::: SOURCE RECORDS

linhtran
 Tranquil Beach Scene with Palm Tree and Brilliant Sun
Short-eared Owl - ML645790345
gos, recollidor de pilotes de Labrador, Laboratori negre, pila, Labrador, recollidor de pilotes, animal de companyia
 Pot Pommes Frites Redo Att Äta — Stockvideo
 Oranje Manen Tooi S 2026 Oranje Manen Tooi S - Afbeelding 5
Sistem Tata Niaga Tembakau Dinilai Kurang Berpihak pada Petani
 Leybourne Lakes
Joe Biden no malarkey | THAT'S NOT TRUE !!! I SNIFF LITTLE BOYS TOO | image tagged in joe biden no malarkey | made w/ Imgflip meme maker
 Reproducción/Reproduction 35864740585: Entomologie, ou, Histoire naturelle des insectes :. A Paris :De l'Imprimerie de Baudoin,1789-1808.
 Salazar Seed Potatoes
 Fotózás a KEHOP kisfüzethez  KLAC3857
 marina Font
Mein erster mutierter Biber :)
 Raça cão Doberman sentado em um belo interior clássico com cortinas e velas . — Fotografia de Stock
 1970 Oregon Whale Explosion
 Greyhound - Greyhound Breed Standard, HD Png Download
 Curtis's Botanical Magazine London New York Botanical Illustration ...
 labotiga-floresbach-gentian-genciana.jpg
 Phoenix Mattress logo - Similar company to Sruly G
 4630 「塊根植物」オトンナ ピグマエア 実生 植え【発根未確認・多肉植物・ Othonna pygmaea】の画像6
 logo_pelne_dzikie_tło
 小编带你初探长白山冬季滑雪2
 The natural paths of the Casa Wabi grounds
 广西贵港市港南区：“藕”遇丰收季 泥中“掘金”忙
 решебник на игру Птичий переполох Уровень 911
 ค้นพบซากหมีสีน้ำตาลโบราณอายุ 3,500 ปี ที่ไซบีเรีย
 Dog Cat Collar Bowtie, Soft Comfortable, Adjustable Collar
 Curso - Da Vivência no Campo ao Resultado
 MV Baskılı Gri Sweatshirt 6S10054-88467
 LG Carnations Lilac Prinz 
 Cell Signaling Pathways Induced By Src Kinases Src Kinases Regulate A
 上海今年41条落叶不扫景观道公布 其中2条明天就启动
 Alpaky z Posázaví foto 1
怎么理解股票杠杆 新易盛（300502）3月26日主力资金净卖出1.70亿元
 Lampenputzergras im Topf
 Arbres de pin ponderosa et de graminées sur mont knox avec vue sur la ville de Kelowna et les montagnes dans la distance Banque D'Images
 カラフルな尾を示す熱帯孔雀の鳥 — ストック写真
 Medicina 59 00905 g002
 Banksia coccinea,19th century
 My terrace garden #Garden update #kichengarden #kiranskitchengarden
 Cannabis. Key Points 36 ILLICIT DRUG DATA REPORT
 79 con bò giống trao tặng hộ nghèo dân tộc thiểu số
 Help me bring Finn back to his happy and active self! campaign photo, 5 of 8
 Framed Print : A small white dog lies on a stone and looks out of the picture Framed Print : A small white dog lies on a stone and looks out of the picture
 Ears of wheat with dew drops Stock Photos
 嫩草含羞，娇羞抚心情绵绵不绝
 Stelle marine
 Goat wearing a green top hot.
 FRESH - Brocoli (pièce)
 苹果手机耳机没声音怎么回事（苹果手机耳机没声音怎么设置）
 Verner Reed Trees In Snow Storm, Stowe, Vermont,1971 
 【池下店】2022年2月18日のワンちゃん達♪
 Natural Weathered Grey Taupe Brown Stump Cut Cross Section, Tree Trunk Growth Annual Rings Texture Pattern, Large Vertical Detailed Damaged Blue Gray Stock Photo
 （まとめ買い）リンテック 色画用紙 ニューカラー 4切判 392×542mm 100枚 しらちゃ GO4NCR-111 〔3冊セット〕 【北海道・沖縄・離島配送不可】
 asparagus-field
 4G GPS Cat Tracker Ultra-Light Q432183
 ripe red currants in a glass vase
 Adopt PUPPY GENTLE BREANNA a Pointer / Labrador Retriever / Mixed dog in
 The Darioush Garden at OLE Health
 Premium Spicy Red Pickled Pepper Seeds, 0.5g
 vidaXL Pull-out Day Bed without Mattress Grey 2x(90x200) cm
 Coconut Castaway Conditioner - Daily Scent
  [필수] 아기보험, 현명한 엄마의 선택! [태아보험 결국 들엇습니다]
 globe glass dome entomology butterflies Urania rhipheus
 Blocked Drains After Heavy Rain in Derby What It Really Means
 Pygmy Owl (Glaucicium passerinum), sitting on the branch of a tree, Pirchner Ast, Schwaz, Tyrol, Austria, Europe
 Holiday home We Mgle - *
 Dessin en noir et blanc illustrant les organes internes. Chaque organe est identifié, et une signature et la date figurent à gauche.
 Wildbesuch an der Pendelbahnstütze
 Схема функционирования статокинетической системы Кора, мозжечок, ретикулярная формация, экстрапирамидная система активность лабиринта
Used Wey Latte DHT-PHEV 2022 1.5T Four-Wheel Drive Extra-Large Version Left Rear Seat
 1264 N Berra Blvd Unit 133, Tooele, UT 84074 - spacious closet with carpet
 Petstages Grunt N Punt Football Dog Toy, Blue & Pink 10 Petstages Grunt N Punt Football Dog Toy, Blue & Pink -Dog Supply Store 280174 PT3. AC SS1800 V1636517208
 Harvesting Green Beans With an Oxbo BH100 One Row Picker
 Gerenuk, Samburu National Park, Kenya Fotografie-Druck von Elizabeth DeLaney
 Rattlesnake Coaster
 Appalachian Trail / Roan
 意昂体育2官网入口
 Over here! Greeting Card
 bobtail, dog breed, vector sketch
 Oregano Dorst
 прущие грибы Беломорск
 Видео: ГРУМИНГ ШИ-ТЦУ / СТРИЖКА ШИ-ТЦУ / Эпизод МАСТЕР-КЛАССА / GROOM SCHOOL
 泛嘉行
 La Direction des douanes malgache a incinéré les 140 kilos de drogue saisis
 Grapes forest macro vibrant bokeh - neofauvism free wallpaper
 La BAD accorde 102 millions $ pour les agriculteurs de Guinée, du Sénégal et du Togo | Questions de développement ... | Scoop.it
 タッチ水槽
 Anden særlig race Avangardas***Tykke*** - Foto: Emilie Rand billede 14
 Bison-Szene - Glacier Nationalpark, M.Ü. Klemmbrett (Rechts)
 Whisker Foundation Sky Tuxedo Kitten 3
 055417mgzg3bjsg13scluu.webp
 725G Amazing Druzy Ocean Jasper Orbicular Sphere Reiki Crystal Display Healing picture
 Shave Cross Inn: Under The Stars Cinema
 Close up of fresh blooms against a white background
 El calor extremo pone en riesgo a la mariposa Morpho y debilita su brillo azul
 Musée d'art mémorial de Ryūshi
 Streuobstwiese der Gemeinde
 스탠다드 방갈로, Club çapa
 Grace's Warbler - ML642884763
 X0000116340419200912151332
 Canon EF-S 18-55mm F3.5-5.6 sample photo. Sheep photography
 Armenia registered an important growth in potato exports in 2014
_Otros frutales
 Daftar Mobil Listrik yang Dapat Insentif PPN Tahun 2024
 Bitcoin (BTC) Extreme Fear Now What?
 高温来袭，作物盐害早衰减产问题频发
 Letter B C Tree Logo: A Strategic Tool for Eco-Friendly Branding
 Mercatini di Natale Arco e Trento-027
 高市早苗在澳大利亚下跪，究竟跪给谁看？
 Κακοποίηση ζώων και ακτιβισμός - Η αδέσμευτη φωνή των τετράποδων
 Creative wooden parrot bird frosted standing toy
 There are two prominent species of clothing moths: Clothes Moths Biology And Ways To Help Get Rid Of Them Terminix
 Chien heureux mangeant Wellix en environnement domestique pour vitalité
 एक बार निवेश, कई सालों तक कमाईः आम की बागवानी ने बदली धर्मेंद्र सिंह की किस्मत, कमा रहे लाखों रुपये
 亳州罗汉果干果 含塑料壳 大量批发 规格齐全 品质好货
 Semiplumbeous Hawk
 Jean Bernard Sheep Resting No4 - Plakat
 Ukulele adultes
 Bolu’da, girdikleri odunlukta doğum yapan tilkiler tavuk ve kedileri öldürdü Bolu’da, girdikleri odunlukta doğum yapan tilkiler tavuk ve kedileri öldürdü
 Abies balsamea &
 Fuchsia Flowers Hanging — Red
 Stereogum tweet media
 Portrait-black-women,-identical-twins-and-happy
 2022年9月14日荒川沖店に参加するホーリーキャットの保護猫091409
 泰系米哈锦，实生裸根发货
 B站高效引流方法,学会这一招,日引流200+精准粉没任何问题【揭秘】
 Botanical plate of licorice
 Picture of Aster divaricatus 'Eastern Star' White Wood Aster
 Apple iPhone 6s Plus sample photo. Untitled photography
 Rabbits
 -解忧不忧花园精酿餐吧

::::::

_AIM OF THE TASK_.
Show every line above in which the word "Large" appears.

_EXERCISE RESULT_.
 Natural Weathered Grey Taupe Brown Stump Cut Cross Section, Tree Trunk Growth Annual Rings Texture Pattern, Large Vertical Detailed Damaged Blue Gray Stock Photo
Used Wey Latte DHT-PHEV 2022 1.5T Four-Wheel Drive Extra-Large Version Left Rear Seat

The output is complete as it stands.